● Supplied information:
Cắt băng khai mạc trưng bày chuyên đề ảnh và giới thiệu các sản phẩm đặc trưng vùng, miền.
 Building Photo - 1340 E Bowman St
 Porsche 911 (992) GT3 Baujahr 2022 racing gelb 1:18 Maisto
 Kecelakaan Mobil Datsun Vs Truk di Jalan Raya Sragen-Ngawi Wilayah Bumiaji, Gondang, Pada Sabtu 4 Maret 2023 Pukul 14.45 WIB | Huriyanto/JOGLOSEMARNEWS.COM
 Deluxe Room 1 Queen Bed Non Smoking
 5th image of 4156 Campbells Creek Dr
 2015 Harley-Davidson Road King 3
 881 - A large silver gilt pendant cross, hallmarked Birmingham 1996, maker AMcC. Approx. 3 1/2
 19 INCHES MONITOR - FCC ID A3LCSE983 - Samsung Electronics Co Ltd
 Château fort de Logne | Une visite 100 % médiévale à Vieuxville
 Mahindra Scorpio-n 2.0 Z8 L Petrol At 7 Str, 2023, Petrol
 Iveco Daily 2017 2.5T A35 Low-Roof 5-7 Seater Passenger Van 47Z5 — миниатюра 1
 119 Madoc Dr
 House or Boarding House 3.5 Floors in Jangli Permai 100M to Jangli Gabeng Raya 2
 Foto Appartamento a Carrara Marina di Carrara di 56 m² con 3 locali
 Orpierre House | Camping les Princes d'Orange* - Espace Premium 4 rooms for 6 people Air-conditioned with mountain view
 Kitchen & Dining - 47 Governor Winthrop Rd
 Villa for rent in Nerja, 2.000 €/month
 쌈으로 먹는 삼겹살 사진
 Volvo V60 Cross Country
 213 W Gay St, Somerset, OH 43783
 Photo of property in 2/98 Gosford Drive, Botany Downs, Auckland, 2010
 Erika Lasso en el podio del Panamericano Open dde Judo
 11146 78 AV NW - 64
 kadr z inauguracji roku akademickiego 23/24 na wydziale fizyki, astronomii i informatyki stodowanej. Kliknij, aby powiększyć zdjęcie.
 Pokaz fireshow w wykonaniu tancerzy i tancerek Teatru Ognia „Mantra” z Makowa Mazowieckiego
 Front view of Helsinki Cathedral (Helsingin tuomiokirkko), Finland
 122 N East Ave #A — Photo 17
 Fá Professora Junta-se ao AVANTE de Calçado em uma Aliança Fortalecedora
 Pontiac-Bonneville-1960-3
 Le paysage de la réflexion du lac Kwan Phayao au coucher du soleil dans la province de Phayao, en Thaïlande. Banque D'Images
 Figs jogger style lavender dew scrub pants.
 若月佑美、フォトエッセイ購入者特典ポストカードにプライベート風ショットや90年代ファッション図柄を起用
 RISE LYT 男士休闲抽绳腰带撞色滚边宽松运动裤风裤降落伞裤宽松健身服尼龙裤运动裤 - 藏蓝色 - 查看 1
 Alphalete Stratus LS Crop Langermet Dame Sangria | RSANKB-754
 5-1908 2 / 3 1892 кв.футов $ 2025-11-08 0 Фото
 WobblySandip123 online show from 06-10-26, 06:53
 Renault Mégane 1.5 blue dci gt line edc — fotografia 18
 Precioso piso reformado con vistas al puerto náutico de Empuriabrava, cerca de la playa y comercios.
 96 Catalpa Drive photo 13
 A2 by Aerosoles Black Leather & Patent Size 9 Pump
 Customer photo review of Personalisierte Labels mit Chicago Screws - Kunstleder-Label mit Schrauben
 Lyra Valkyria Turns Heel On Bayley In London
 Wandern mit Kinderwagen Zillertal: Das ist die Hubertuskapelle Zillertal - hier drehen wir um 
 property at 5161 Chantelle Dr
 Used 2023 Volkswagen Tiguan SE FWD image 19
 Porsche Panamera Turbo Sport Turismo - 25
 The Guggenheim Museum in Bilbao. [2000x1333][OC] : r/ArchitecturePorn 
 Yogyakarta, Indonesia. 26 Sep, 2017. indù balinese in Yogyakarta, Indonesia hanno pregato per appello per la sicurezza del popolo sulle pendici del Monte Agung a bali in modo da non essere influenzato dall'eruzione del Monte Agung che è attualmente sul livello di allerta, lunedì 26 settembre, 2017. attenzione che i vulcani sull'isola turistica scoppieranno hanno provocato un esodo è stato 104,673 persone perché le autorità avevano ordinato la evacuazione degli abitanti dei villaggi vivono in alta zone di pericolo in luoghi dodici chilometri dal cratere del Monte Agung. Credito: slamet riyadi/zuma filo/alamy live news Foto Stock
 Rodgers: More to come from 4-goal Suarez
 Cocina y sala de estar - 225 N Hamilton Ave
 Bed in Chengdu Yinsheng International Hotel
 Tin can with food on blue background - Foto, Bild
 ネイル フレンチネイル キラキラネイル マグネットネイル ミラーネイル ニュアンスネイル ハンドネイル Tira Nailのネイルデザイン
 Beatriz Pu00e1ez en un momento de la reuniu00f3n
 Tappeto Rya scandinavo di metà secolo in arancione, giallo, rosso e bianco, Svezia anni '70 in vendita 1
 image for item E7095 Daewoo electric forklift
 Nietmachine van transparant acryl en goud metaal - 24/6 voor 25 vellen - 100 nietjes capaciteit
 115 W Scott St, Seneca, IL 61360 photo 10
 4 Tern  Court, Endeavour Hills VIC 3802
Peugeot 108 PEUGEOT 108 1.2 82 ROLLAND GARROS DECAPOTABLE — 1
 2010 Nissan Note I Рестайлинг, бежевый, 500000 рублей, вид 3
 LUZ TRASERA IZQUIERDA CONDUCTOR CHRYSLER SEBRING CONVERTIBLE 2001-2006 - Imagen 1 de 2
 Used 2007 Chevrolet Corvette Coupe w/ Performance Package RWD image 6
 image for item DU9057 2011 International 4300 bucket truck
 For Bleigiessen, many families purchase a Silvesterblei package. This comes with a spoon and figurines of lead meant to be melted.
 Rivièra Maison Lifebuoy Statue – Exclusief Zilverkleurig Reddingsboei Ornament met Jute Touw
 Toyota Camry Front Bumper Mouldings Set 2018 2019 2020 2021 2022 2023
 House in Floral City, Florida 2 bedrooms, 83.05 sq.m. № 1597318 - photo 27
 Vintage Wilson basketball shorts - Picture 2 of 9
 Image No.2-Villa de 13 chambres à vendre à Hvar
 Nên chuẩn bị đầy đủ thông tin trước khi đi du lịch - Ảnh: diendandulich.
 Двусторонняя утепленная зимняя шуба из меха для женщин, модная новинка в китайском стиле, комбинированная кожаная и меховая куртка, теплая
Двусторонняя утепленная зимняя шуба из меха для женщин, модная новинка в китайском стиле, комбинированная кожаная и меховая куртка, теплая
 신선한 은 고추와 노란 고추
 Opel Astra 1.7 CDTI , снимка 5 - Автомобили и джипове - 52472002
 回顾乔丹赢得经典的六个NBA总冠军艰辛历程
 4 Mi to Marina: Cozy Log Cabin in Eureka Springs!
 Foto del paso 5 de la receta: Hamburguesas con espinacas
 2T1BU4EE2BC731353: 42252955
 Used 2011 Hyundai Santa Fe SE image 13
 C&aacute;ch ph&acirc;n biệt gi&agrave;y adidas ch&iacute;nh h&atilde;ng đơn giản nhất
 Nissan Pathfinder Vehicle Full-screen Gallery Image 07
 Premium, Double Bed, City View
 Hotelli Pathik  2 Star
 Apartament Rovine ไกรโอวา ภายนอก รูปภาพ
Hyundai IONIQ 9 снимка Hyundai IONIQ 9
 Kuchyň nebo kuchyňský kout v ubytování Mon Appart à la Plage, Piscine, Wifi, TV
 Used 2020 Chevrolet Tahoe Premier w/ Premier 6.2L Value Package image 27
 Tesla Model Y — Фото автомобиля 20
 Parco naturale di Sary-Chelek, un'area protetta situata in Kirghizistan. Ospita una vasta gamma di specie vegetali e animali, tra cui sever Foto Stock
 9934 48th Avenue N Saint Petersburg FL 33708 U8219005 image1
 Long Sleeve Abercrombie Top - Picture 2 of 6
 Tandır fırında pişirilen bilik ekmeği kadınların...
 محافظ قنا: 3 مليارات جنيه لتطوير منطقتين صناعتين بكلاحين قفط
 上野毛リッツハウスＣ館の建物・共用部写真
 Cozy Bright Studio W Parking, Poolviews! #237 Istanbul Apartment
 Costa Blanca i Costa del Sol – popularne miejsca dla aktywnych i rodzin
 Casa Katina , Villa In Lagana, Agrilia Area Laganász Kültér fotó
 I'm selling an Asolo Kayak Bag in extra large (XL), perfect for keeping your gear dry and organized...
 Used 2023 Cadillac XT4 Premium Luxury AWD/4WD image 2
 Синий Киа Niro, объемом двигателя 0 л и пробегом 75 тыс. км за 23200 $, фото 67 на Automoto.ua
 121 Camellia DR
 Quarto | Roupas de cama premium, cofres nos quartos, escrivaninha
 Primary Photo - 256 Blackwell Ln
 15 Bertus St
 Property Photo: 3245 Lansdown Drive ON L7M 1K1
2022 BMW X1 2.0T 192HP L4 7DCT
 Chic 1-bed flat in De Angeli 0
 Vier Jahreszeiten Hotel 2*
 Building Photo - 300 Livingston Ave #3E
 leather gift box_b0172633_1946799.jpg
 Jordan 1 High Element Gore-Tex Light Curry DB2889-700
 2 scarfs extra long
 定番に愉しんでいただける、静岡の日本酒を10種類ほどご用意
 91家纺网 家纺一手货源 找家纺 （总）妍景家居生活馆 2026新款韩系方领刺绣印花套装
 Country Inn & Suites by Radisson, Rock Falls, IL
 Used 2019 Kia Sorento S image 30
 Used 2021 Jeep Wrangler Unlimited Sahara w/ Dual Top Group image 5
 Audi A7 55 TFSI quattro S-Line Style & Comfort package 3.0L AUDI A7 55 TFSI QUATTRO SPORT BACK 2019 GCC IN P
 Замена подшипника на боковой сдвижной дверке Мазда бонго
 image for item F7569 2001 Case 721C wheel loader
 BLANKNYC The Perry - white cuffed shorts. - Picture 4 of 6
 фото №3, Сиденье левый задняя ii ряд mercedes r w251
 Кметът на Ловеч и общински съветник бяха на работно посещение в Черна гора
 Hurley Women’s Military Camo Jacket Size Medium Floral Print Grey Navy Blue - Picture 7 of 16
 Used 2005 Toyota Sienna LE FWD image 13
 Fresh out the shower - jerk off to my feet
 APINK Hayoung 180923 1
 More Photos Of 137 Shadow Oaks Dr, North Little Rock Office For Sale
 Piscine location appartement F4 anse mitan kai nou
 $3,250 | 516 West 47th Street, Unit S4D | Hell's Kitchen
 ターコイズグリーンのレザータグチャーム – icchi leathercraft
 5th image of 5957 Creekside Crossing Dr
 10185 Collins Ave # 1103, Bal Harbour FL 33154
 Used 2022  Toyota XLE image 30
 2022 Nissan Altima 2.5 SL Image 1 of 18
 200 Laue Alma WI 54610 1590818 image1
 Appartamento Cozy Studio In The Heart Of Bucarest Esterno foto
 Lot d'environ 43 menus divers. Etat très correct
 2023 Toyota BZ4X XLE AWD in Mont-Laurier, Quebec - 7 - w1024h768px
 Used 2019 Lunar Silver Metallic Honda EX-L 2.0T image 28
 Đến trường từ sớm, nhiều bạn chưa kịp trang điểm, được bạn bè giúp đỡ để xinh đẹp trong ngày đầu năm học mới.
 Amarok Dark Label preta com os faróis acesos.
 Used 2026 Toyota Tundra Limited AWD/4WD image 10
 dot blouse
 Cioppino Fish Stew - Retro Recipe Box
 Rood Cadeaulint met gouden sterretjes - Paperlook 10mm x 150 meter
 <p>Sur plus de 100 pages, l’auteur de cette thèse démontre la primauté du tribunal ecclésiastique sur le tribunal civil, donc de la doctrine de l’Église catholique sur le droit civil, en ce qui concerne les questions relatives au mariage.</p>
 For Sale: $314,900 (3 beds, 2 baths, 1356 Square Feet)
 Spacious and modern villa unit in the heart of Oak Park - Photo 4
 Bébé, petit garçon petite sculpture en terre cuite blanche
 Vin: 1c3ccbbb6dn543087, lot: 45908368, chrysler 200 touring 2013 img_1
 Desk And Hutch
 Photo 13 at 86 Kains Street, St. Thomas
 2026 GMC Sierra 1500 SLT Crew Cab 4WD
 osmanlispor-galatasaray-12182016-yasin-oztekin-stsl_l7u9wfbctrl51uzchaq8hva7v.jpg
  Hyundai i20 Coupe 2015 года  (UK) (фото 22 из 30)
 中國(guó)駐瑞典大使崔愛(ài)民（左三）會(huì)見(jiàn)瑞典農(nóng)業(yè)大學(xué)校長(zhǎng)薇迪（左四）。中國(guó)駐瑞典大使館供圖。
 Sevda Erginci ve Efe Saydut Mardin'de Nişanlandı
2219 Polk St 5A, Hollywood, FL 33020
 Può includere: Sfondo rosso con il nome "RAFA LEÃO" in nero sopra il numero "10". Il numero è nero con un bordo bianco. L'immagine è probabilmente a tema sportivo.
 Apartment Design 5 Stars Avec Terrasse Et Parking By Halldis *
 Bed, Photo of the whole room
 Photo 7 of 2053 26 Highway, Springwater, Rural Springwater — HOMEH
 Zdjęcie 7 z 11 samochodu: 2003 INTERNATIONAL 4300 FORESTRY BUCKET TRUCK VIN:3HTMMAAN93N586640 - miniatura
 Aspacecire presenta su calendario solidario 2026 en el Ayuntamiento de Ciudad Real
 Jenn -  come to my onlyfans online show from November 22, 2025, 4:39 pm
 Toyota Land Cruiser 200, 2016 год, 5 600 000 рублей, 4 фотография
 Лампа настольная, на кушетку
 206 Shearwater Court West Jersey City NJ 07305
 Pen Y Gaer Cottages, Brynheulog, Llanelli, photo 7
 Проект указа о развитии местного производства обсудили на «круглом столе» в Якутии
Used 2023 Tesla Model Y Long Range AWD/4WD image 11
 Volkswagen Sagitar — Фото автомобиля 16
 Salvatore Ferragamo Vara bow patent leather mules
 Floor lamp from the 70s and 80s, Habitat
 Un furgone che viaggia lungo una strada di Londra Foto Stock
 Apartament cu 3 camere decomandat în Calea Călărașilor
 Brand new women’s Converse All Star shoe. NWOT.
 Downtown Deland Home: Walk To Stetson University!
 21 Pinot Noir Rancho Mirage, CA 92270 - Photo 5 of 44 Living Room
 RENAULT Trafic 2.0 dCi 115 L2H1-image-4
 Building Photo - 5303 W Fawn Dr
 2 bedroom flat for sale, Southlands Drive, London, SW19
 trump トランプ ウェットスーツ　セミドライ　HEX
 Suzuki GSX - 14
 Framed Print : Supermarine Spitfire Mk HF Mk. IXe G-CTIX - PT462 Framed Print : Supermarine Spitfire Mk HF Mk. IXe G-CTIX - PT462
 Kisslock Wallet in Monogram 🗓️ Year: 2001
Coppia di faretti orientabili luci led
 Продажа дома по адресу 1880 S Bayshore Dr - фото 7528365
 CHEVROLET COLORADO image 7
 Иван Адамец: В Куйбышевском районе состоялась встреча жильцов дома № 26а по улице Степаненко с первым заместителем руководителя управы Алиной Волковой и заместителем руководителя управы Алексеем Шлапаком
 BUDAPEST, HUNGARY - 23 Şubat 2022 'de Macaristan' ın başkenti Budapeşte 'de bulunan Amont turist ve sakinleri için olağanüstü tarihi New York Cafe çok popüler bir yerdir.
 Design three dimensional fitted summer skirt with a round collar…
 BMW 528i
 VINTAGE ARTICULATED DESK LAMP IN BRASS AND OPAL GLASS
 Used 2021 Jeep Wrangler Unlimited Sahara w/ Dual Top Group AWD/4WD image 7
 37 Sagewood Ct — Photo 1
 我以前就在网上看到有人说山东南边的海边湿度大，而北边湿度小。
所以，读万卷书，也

● What to do:
What lines in the material mention "Rock"? Copy every one of them.

● Task response:
 Country Inn & Suites by Radisson, Rock Falls, IL
 More Photos Of 137 Shadow Oaks Dr, North Little Rock Office For Sale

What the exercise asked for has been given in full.